Tutorial: Finding the gene structure of orthologs
When blasting an incomplete or in-progress genome sequence, it can be difficult to
find hits that are the length of the full gene ortholog you are looking for. Often, you
will find just one small hit in an entire database.
In order to analyze the hits you get, it’s important to understand what part of the
gene’s structure they come from. Once you know which part of the primary
structure your hit corresponds to, you can begin to study the secondary structure,
function and regulation of this gene.
In this tutorial, I will explain how you can determine which exon of a gene your hit
corresponds to, as well as how to get the most gene structure information out of the
sequence data you have.
The basic steps to determining which exons you have are as follows:
- Download an ortholog sequence from a genome browser
- Blast this against your database
- Copy the QUERY sequence you used to get this hit
- Find the detailed, full sequence of the otholog gene you used as your query
within the genome browser. Make sure this page indicates which sequences
refer to which exon
- Search for a portion of your query sequence on the page which contains the
full ortholog sequence
- Because you took this query sequence straight from the genome browser,
you should have an exact match. Determine which exon this match falls
under. You now know which exon you have in your sequence data!
I will begin with an example of a hit I found when blasting grape’s Nhx1 gene against
the blueberry EST data.
I first blasted a file from NCB1 listed as the complete cdna of the grape Nhx1. This
gave me one large (~1200 bp) hit against the blueberry EST database.
In order to figure out which part of the Nhx1 gene I had found, I went into the grape
genome browser. I found six candidate genes for Nhx1 in the browser and blasted
all six of these against the 1200 bp hit mentioned above. It’s important to cover all
your bases and check every candidate gene, because you don’t know which copy of
the gene you might have in your sequence.

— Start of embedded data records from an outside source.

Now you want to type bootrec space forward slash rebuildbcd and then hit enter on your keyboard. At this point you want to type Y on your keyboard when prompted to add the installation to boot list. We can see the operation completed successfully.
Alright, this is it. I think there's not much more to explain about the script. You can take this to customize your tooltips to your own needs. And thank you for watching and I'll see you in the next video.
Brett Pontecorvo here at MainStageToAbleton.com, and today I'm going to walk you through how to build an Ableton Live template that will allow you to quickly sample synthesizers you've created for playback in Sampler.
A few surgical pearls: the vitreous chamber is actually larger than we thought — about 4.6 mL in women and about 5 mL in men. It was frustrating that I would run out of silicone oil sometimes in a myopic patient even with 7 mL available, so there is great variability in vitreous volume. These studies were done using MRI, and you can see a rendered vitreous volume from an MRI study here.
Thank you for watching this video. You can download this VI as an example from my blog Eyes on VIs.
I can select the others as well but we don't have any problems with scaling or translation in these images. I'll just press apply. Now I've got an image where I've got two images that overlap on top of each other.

The first candidate gene listed gave me one hit when blasted against the 1200 bp’s
from the EST database:
I copied the first segment of the query sequence:
CAGGCATGCTTTT
Then, I went into the grape genome browser and looked at the detailed description
of this first candidate gene I had obtained my query sequence from.
The page gives you the transcript structure
As well as the full sequence, formatted to distinguish different structural elements of
the gene:
Because my query sequence (CAGGCATGCTTTT) came directly from this genome
browser, it should have an exact match on this page. Thus, I can utilize the find
function of my web browser, and simply search the page for my query sequence.

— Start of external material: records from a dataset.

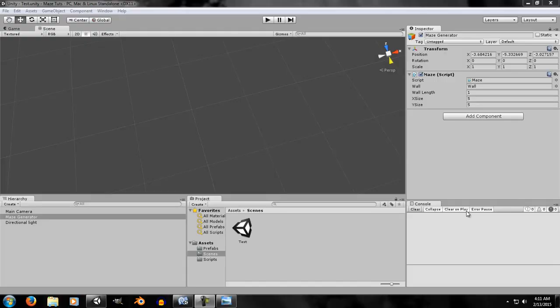Hey, welcome to Flat Tutorials and this is the maze generator series. Today we're going to make our system to find a random neighbor for the DFS algorithm. In the last episode, we made our system to remember information — specifically, what wall belongs to each cell and what direction that wall is pointing.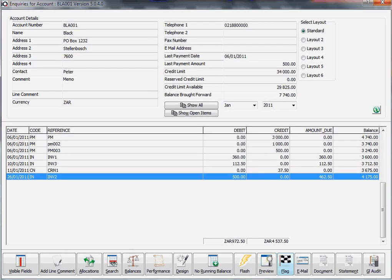In this training session, we're going to look at the option called flag. Basically, what flag means is it will hide transactions.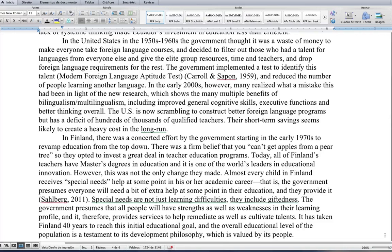In the United States in the 1950s and 60s, the government thought it was a waste of money to make everyone take foreign language courses and decided to filter out those with a talent for languages, giving the elite group resources, time, and teachers, while dropping foreign language requirements for the rest. They implemented the Modern Foreign Language Aptitude Test to identify this talent. In the early 2000s, however, many realized what a mistake this had been, given new research showing the multiple benefits of bilingualism and multilingualism — including improved general cognitive skills, executive functions, and better thinking overall. The U.S. is now scrambling to construct better foreign language programs but has a deficit of hundreds of thousands of qualified teachers. Their short-term savings seems likely to create a heavy cost in the long run.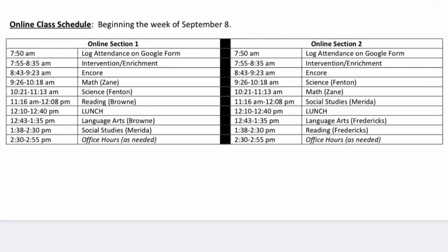The eighth grade online schedule is very similar to the seventh, with the major difference being intervention and Encore. Students will log attendance at 7:50 and then complete intervention and enrichment work from 7:55 to 8:35. Eighth grade students will log in for Encore class from 8:43 to 9:23 and will spend the remainder of their days logging into their core academic classes. Period 3 runs from 9:26 to 10:18, Period 4 from 10:21 to 11:13, and Period 5 from 11:16 to 12:08. Eighth grade students will also have lunch from 12:10 to 12:40, then log in to 6th period from 12:43 to 1:35, and 7th period from 1:38 to 2:30. Office hours as needed are available in the afternoon.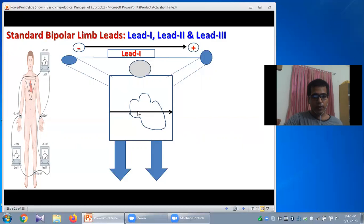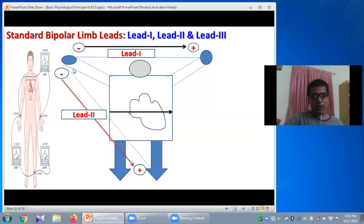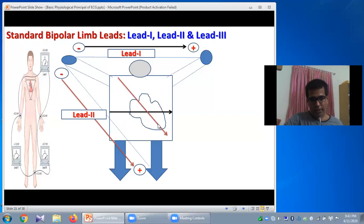In case of Lead 2, the positive terminal is attached to the left foot or left leg and the negative terminal is attached to the right arm, both connected to a galvanometer forming the circuit of Lead 2. The direction of Lead 2 is from right arm to the left leg — that means downwards and to the left. A line drawn parallel to the direction of Lead 2 passing through the center of the heart indicates the axis of Lead 2.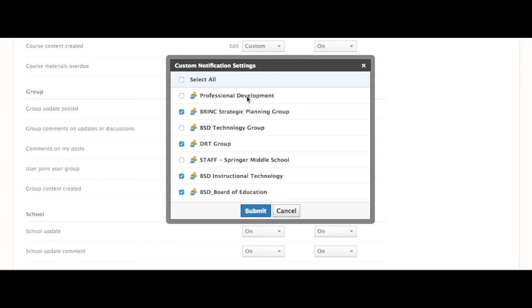Now that's just for email — you'll still get all of the updates to any group you're a member of or any course you're enrolled in within Schoology.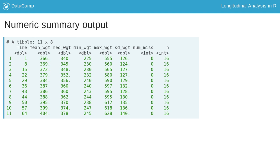The numeric summary output has a single row for each time, with the time shown in the first column. The general trajectory can be determined from the mean and median values. In this case, there is evidence that the rats tend to increase in weight over time. Additionally, the median values tend to be smaller than the mean, suggesting there may be a rat or two with extreme weight values pulling the mean above the median. The minimum and maximum can help identify unusual or extreme values. Without further context, these values do not seem unusual. The standard deviations have some variation at each time point, but should be relatively similar across time to meet model assumptions, as is the case here. Finally, there are no missing data.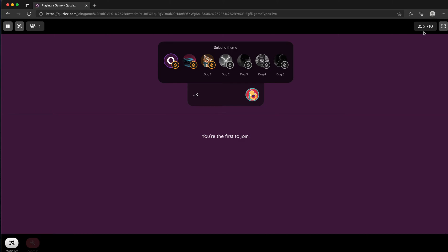If you come in late to a lesson, just go to joinmyquiz.com and put in the code, in this case 253710. The code is always displayed in the top corner there if you're late for a lesson.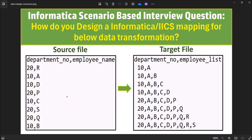So first, department number we have to sort in ascending order and employee names also in ascending order. For the first record we have department 10 with employee list containing just one employee name. For the second record we have '10, A, B'. If you take the last record in the source — department 10, employee B — we have to add the previous record's employee name and the current record's employee name. For the third record '10, C', the employee list is 'A, B, C' — again previous employee list plus current employee name.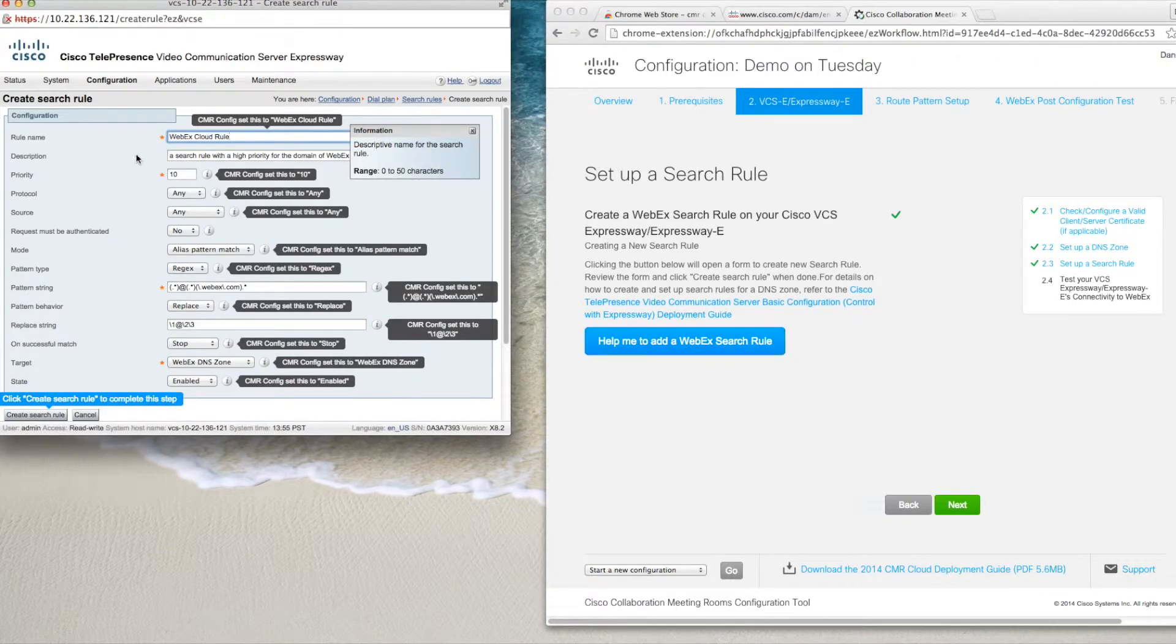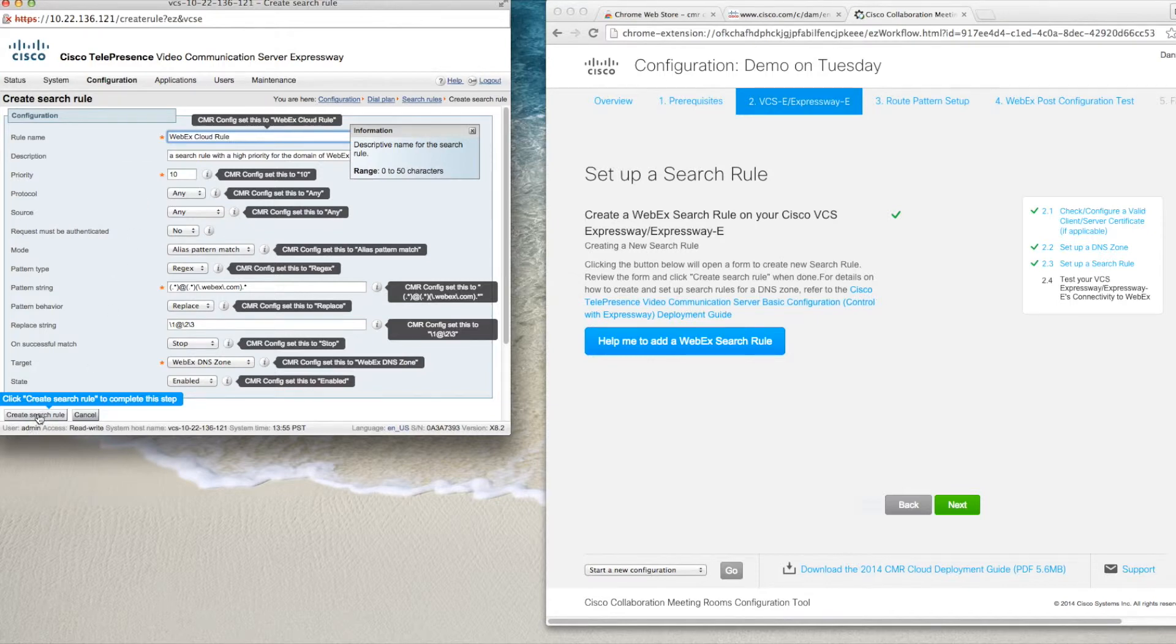Here you can see the search rule fields have all been filled in and we only need to click the create search rule button to finish.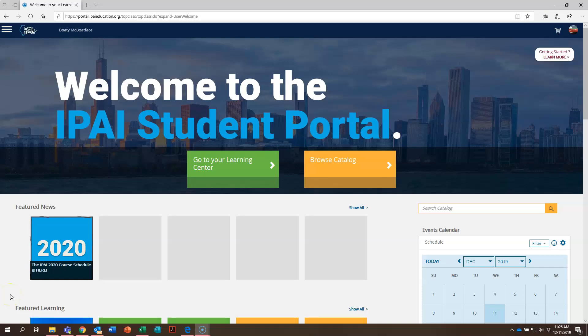Hello and welcome to another IPAI training video on our new student portal. Today we are going to go over how to browse our course catalog so that you can find the classes you want to take.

When I did this I found one match:
This segment corresponds to exon 10. Thus, we know that we have the equivalent
of grape’s exon 10 within our 1200 bp EST hit.
Expanding on your data:
I found exon 10 by investigating just one hit, received by blasting the Nhx1 grape
gene against the EST database. It is possible to expand your hits, potentially
uncovering more exons within your sequence data. One way to do that is to simply
blast against a different database. For example, when I blast the same Nhx1 gene
against the 454 data, I get a different hit than the one I get against the EST data.
Another option is to use a different query in your blast. You can change sequences
or perhaps blast an amino acid sequence using a tBLASTn query.
Each hit you get gives you another opportunity to go into a genome browser and
determine which exon your hit aligns with. Slowly, you can begin to piece together
exons and gain a sense of the overall structure of your ortholog.